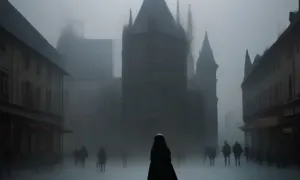 Příběh: Dolní náměstí 10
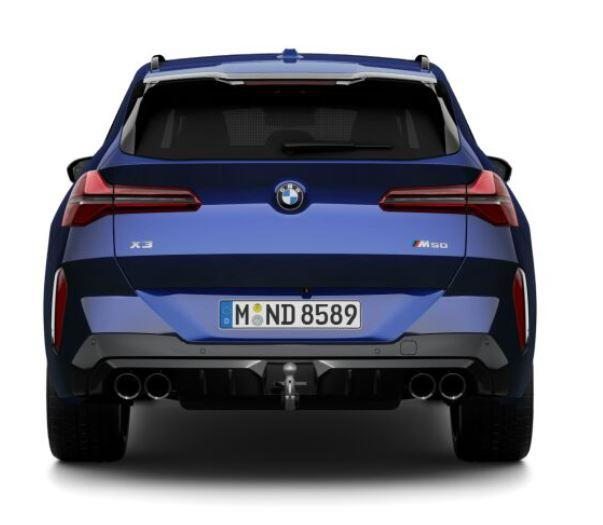 BMW X3 M50i, Hybride Léger Essence/Électricité, Voiture de démonstration, Automatique - 5
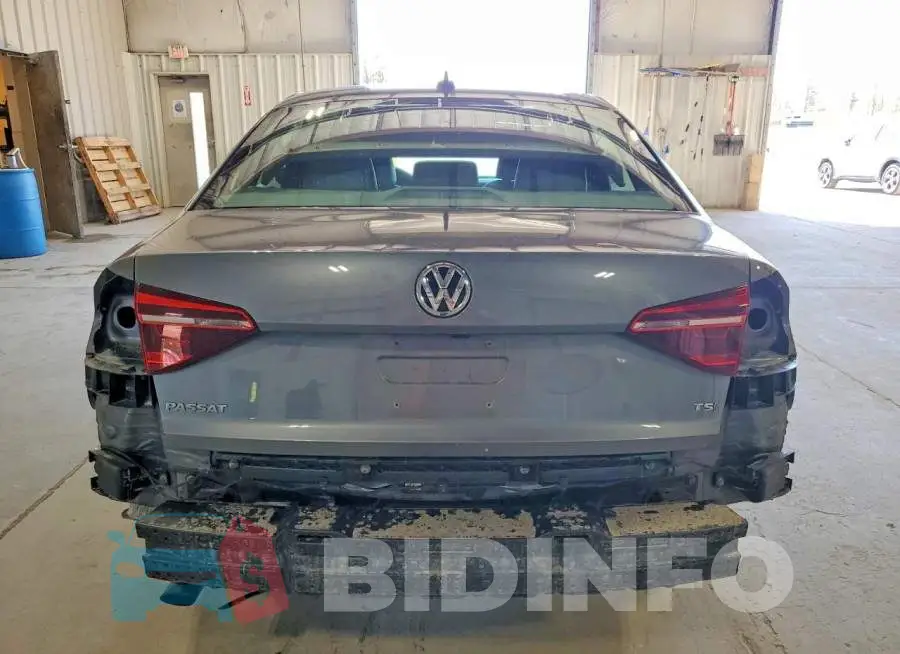 1VWLA7A37KC012575 Photo# 6
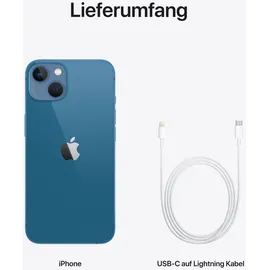 Apple iPhone 13 512 GB Blau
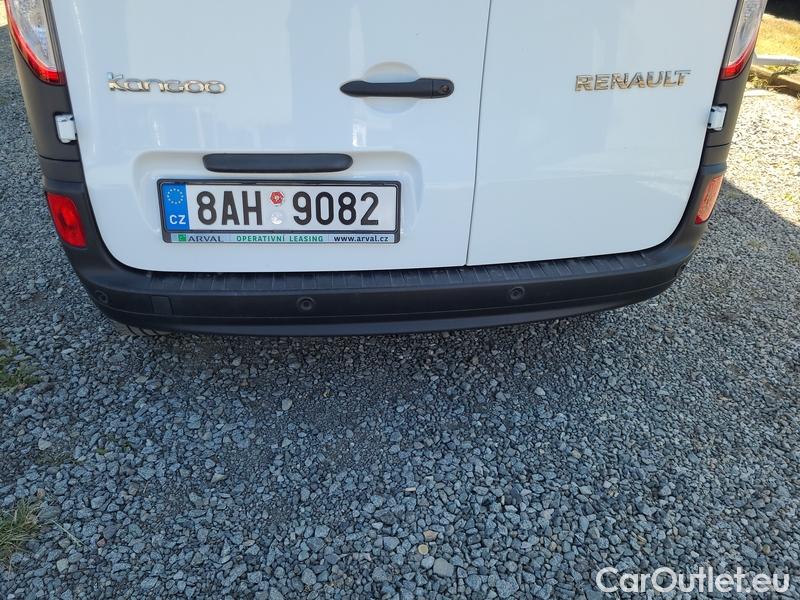  Renault  Kangoo  2 (2008)  Expr.1.5dCi 95 Cool #12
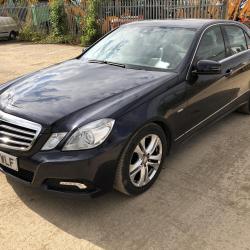 MERCEDES E350 CDI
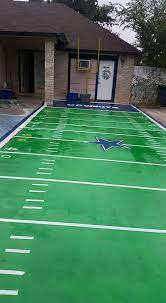 Badass Backyard Cowboysnation Cowboys Nation Backyard Dallas Cowboys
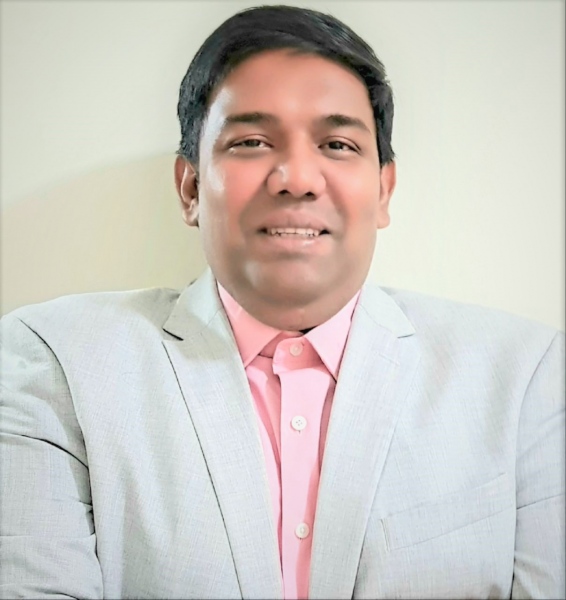   Sandeep Maharaj   Global Outreach Fellow    As the...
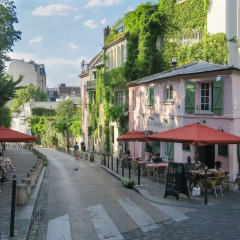The Originals Hotel Paris Montmartre Apolonia (ex Comfort Lamarck) фото 9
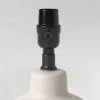 Small Casual Ceramic Lamp Base White - Threshold™ -Loca Table Lamps Store unnamed file 953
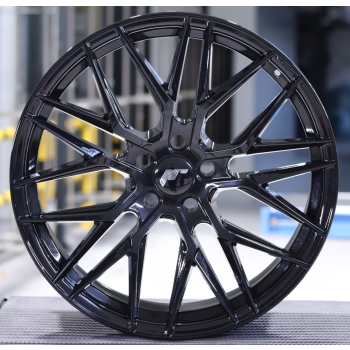 JR Wheels JR28 20x8,5 Gloss Black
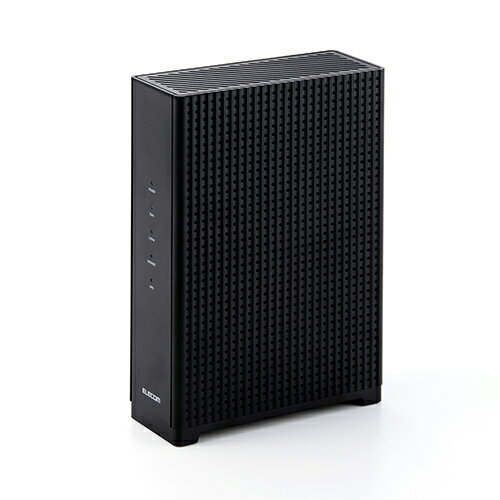 エレコム 無線LAN ルーター Wi-Fi 7 5764+1376Mbps セキュリティ搭載 10G Wi-Fi7 7200Mbps 据置ルータ ELECOM ...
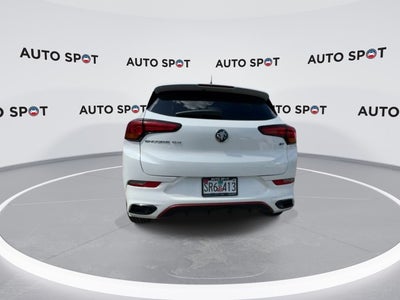 2021 Buick Encore GX Select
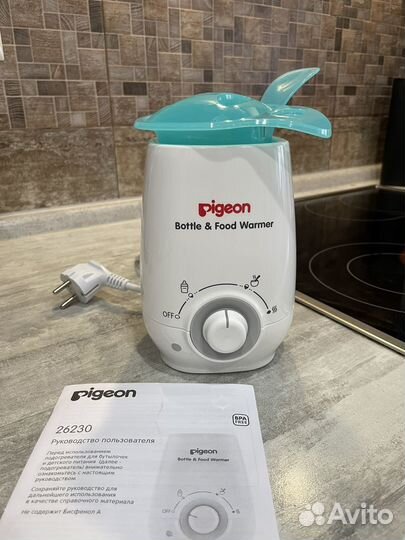 Подогреватель бутылочек Pigeon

※

**WHAT TO WORK ON**
Text only, no pictures: copy every entry exactly.

**RESULT OF THIS TASK**
 Příběh: Dolní náměstí 10
 BMW X3 M50i, Hybride Léger Essence/Électricité, Voiture de démonstration, Automatique - 5
 1VWLA7A37KC012575 Photo# 6
 Apple iPhone 13 512 GB Blau
  Renault  Kangoo  2 (2008)  Expr.1.5dCi 95 Cool #12
 MERCEDES E350 CDI
 Badass Backyard Cowboysnation Cowboys Nation Backyard Dallas Cowboys
   Sandeep Maharaj   Global Outreach Fellow    As the...
The Originals Hotel Paris Montmartre Apolonia (ex Comfort Lamarck) фото 9
 Small Casual Ceramic Lamp Base White - Threshold™ -Loca Table Lamps Store unnamed file 953
 JR Wheels JR28 20x8,5 Gloss Black
 エレコム 無線LAN ルーター Wi-Fi 7 5764+1376Mbps セキュリティ搭載 10G Wi-Fi7 7200Mbps 据置ルータ ELECOM ...
 2021 Buick Encore GX Select
 Подогреватель бутылочек Pigeon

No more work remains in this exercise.